Mulch around the base of plants to create a environment hostile to insects. Insects that find it hard to push through mulch will not be able to reach your plants.
Pour insecticidal soap into a garden hose sprayer. Spray the foliage and vines of your bean plants to knock insects off of the plants. This method of treatment works well on aphid colonies and spider mites.
Place strips of aluminum foil around the base of bean plants to prevent thrips from attacking the blossoms of bean plants and preventing pollination.
Mix liquid dish soap in a bucket with water. Place the bucket next to your plants.
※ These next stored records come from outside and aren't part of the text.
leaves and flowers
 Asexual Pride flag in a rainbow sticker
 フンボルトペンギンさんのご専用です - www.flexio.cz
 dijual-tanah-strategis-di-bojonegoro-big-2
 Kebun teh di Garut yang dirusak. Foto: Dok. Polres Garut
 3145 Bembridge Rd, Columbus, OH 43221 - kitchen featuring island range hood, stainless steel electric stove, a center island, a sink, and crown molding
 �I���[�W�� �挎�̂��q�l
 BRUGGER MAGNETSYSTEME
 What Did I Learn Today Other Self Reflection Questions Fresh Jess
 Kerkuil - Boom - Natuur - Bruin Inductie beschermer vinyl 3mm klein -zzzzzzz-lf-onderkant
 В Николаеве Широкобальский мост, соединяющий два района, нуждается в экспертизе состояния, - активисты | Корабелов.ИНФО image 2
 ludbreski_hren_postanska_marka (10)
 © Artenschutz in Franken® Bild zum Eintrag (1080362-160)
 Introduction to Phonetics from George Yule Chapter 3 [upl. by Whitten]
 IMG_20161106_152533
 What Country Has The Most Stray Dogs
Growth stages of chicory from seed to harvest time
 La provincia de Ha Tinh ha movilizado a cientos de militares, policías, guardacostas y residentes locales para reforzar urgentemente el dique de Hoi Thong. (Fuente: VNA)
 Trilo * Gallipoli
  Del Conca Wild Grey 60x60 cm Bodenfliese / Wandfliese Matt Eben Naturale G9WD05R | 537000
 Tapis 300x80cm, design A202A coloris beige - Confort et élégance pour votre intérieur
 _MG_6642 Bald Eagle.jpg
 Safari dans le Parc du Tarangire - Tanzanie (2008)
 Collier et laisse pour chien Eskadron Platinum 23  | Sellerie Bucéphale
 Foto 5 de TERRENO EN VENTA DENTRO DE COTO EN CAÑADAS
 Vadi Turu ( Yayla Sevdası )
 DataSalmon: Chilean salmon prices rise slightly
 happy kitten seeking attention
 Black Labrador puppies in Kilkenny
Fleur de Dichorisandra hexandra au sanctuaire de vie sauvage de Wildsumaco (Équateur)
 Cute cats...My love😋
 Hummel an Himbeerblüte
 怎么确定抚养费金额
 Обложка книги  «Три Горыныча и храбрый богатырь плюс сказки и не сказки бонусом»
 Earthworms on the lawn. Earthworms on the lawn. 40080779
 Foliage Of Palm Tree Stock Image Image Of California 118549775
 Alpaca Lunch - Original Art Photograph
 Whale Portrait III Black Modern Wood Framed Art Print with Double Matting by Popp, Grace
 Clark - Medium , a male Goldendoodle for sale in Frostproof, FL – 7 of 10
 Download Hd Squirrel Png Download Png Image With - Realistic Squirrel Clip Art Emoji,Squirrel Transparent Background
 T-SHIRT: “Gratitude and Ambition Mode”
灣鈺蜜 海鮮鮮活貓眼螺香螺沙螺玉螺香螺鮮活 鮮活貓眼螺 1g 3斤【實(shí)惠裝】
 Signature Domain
Hand-pick insects off of plants and throw them into the bucket to kill them.
Select a general-purpose insecticide to deal with resistant pests such as cowpea curculio. Pests such as these will not respond to cultural practices. Preventative spray is the only method to completely eradicate pests such as these. Pour insecticide into the holding chamber of a pump insecticide sprayer. Prime the pump by grasping the lever and moving it up and down. When the pump is primed, hold the tank in one hand and the spray wand in the other. Activate the spray wand and pass the wand over the foliage of your plants. Move in an even pattern and distribute the insecticide evenly.
Reapply pesticides on a regular schedule. Occasionally switch pesticides to prevent bugs from becoming tolerant.
Fertilize your bean plants with a balanced (10-10-10) fertilizer and water them regularly to keep them healthy. Healthy plants are more able to fight off bug infestations than plants that are weakened from poor cultural practices.